(These are excerpts from my book "Intelligence is not Artificial")
The Search for an Artificial General Intelligence
There were many side tracks that didn't become as popular as expert systems and neural networks.
At the famous conference on A.I. of 1956 there was a third proposal for A.I. research. The Bostonbased mathematician Ray Solomonoff presented "An Inductive Inference Machine" for machine learning, which sketched a universal generalpurpose learner. Induction is the kind of learning that allows us to apply what we learned in one case to other cases. His method used Bayesian reasoning, i.e. it introduced probabilities in machine learning.

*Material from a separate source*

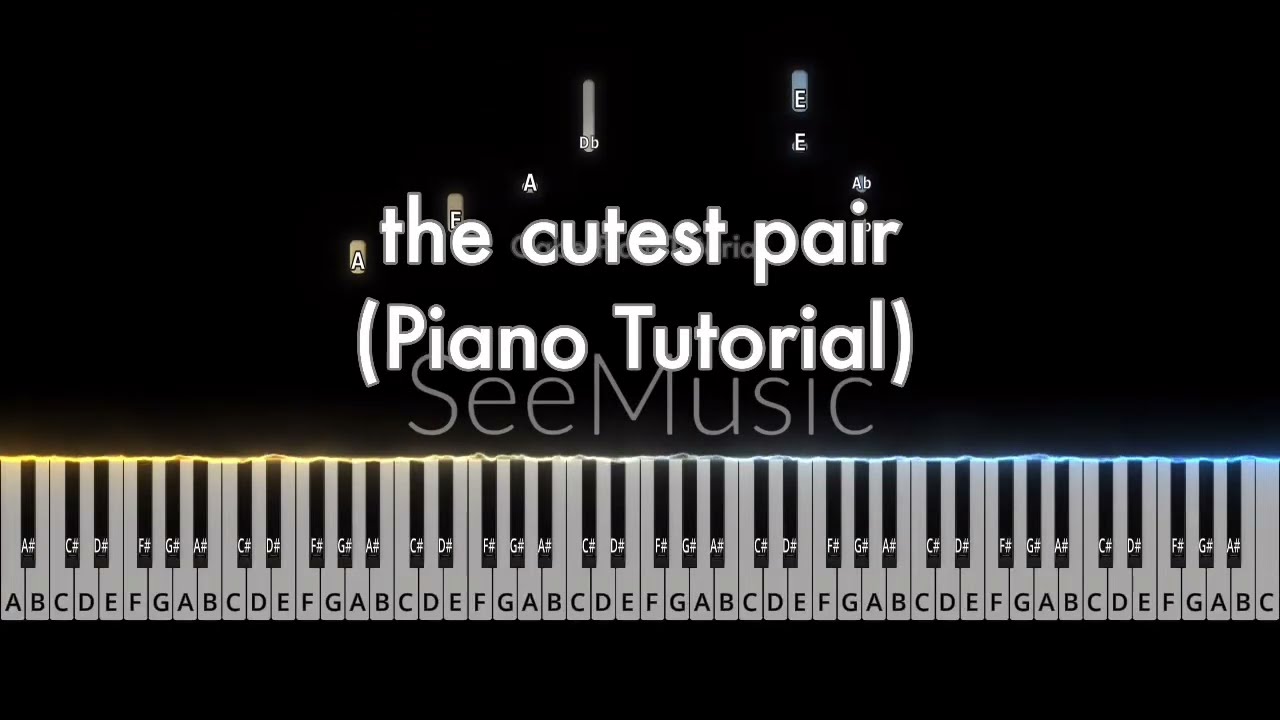 the cutest pair - Regina Song | Piano Tutorial Gabe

The problem of induction is to discover the theory (or, if you prefer, the cause) that explains the facts. If a number of people are sick and show the same symptoms, we want to find out what is the disease. We look for explanations to what happens in our world. In other words, induction answers the primordial question: "Why?" If we find the cause, we should be able to predict the future.
There are usually many possible causes, each of which explains the facts: those are hypotheses. In fact, there are an infinite number of them, although some are extremely unlikely (e.g., i could be writing this sentence because an evil force has hijacked my brain and is dictating me what to write).

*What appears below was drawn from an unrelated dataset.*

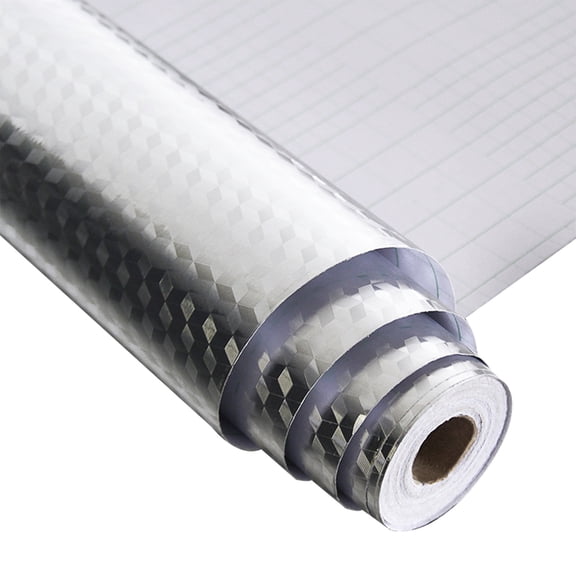 Kitchen Wallpaper Silver Contact Paper Stainless Steel Contact Paper Kitchen Oil Proof Sticker Heat Resistant Peel And Stick Backsplash Self Adhesive Aluminum Foil Stove Wall Protector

The "Epicurean principle" is to consider all hypotheses that explain the facts. Mathematically speaking, facts are data and each hypothesis is an algorithm that consumes data and produces data: if it produces the data that we observe, then the algorithm represents a valid hypothesis, i.e. it could be the explanation that we are looking for.
Algorithms can be represented by Turing machines. Therefore the problem of induction is to find the best Turing machine that is compatible with our data. If there are many, we need a method to pick one. Solomonoff chose to use "Occam's razor", a medieval principle that basically picks the simplest explanation, i.e. the simplest algorithm, i.e. the simplest Turing machine, i.e. the least complex one.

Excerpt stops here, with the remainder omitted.